Este fenômeno ocorre naturalmente e é responsável por influenciar os padrões climáticos em todo o mundo. Porém, quando é particularmente forte, pode provocar inundações intensas nas costas da América do Sul, bem como secas prolongadas na África Austral.

Nas últimas semanas, modelos informáticos que trabalham na Administração Nacional Oceânica e Atmosférica indicaram que o El Niño está finalmente a enfraquecer e irá rapidamente transitar para La Niña, quando a água fria persistir no Pacífico.

Isto deverá ter um efeito assustador no nosso planeta quando ocorrer, como esperado, neste verão, ou no início do outono.

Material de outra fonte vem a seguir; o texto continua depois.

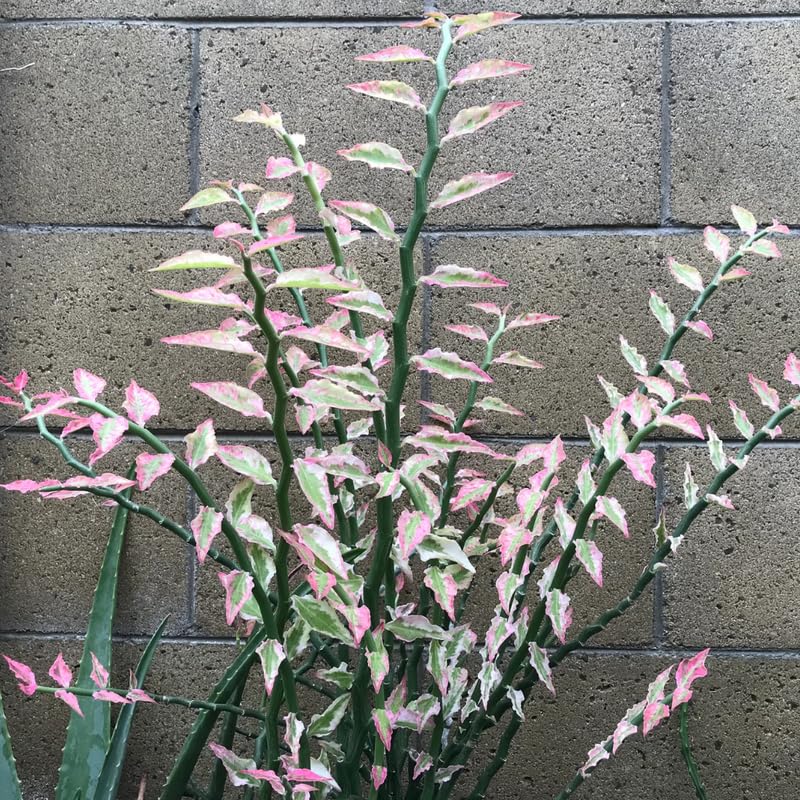 Devil Backbone Variegated Cactus Succulent Live Plant, 4 to 6 Inch Tall Well Rooted Plant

Isso significa que estamos resolvendo a crise climática?

Não exatamente.

Os cientistas avisar que se o El Niño não seguir o seu padrão normal de estabilização (ou de mudança para La Niña) até Agosto, então estaremos num “território desconhecido” e testemunharemos mais um sinal de como os humanos alteraram fundamentalmente os fluxos naturais do nosso planeta.

Embora possamos certamente olhar para dois fenómenos meteorológicos que ocorrem no Pacífico para compreender como o nosso planeta está a lidar com o stress que lhe estamos a colocar, esta não pode ser uma medida isolada.

Olhando para o que está a acontecer ao mundo natural (destruição da biodiversidade, diminuição das populações de espécies vegetais e animais), bem como para as experiências das comunidades que residem mais próximas dele (inundações, incêndios florestais, erosão costeira, desflorestação e urbanização), é claro que a crise climática nunca foi tão ameaçadora.

Infelizmente, a notícia de que estamos a sair de um ano particularmente quente no planeta é exactamente o tipo de munição que os negadores das alterações climáticas adoram carregar quando argumentam contra os defensores e activistas ambientais.

É importante que as manchetes que declaram que “O nosso ano de calor infernal” acabou não nos impeçam de garantir a continuidade das ações para mitigar e, em última análise, travar as alterações climáticas.